Sorry, my fellow Asians. As the people that proudly “bleed” boba because of how much bubble tea we drink, it looks like our “boba blood” could just be ticker than real blood as a study has proved that the sugary drink is two times sweeter than Coca-Cola.
In an experiment commissioned by CNA, samples from six bubble tea shops were brought to test on a device called a refractometer which measures the amount of dissolved sugar in liquids. It was conducted by Temasek Polytechnic Singapore’s students in Applied Food Science and Nutrition diploma course.
Jasmine Green Tea with Fruits recorded 8.5 teaspoons of sugar (42g), similarly for Passionfruit Green Tea. Winter Melon Tea has 16 teaspoons of sugar (80g), Brown Sugar Boba Tea has 18.5 teaspoons of sugar (92.5g) and the sweet victory goes to the classic − Bubble Milk Tea − which has a whopping 20.5 teaspoons of sugar (102.5g). Imagine yourself eating 20 teaspoons of sugar.
As a point of comparison, a bottle of Coca-Cola has “only” 53 grams of sugar − half the amount of Boba.
It is worth to note that the experiment did not include the sugar contained inside the black pearls, nor it specifies if the sugar is naturally occurring or added.

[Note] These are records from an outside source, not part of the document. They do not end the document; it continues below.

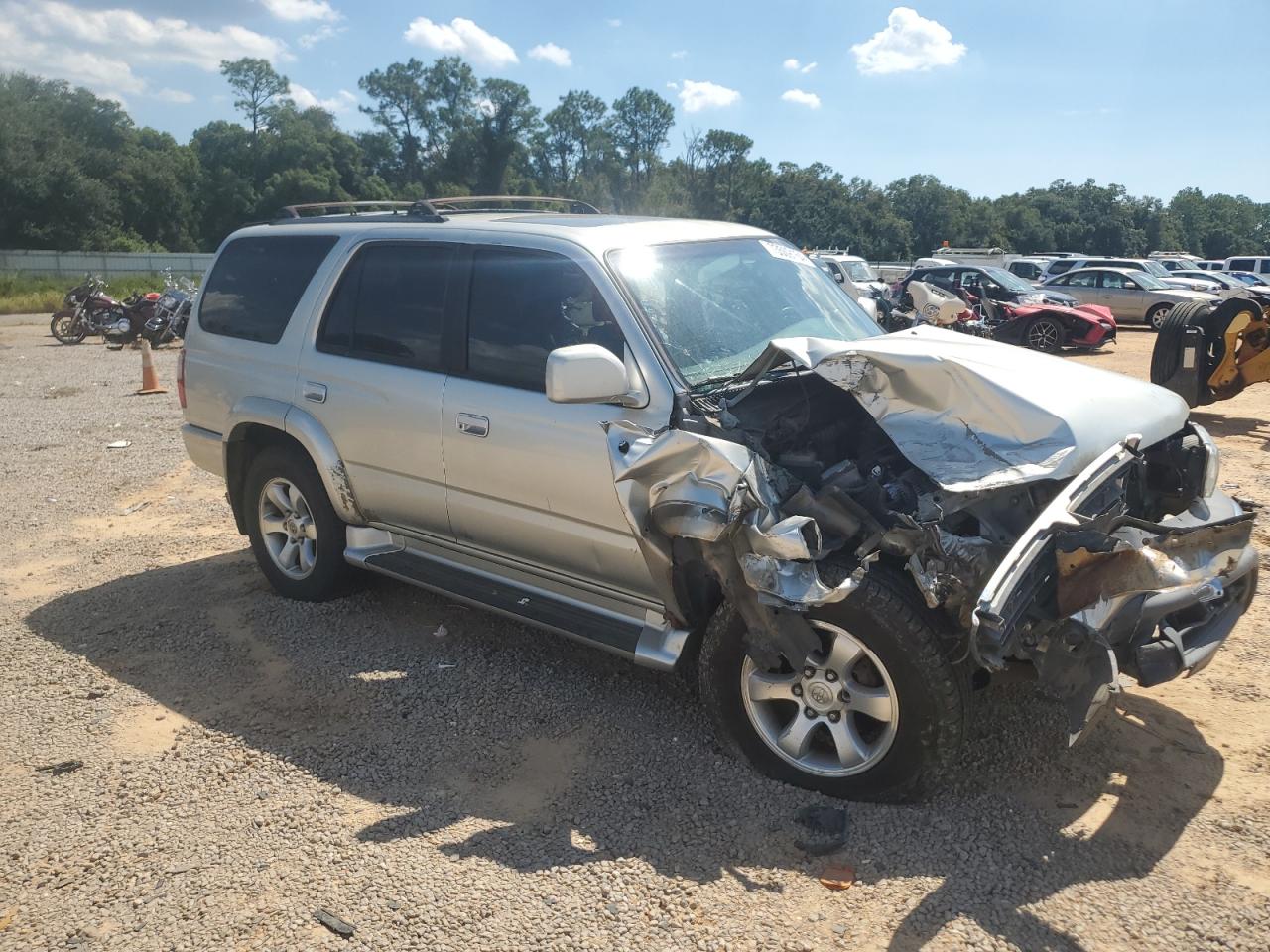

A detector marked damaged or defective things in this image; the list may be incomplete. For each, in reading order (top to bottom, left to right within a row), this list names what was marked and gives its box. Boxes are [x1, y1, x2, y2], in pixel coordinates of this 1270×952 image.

cracked windshield [609, 237, 878, 386]
damaged silver suv [182, 201, 1259, 807]
torn metal panel [731, 327, 1183, 492]
crumpled hood [736, 327, 1189, 492]
crushed front end [969, 426, 1259, 746]
broken headlight [1189, 423, 1218, 500]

We tend to think these beverages that we queue up for are healthier than canned soda but nutrition experts warned that they are not. Consumers’ lack of knowledge of how much sugar goes into a cup of Boba is worrying.

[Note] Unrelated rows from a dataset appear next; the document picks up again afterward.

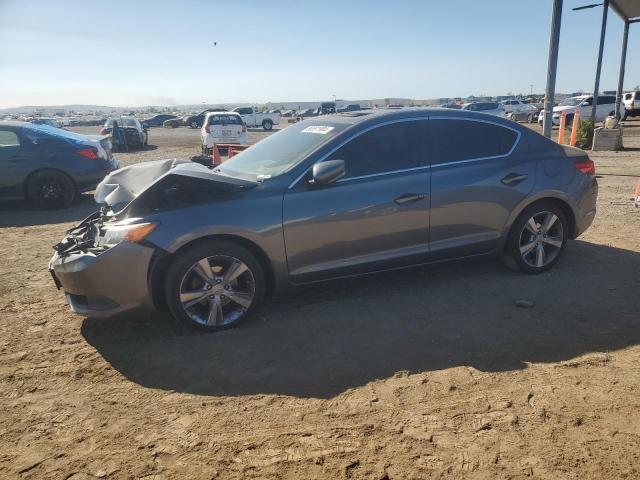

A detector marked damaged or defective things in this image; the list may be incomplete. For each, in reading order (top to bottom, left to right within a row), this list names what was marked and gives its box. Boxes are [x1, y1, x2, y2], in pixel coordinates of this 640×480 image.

crumpled front end [48, 211, 156, 318]
damaged gray sedan [47, 108, 596, 330] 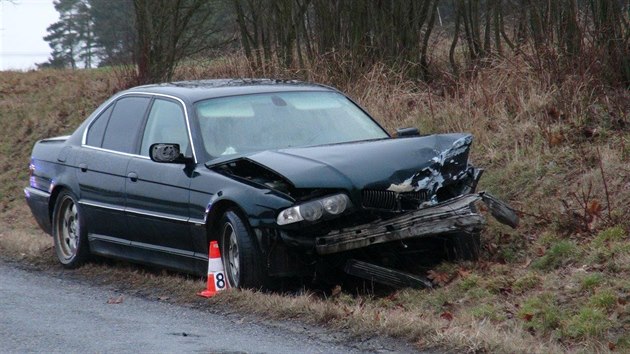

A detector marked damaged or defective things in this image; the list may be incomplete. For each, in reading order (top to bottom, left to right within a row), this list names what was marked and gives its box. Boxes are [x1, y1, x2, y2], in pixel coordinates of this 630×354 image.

crashed black bmw [24, 79, 520, 290]
broken headlight [278, 192, 354, 225]
damaged hood [207, 133, 474, 194]
crumpled front bumper [316, 192, 520, 253]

“If we look at the addictive nature of sugar it is not surprising that these drinks are popular and a lot of parents see this as a healthier option compared to soft drinks,” said Functional Medicine Certified Health Coach at The Nutrition Clinic Bonnie Rogers.
Lecturer Siti Saifa added that even if consumers opt for a quarter or half sugar level for the drink, it could still be too much sugar for a person in a day.
It is reported that a female’s daily recommended sugar intake is 45g (or 180kcal) out of her 1,800 kcal daily energy requirement. One cup of bubble tea can easily account for over twice the amount of a whole day’s intake.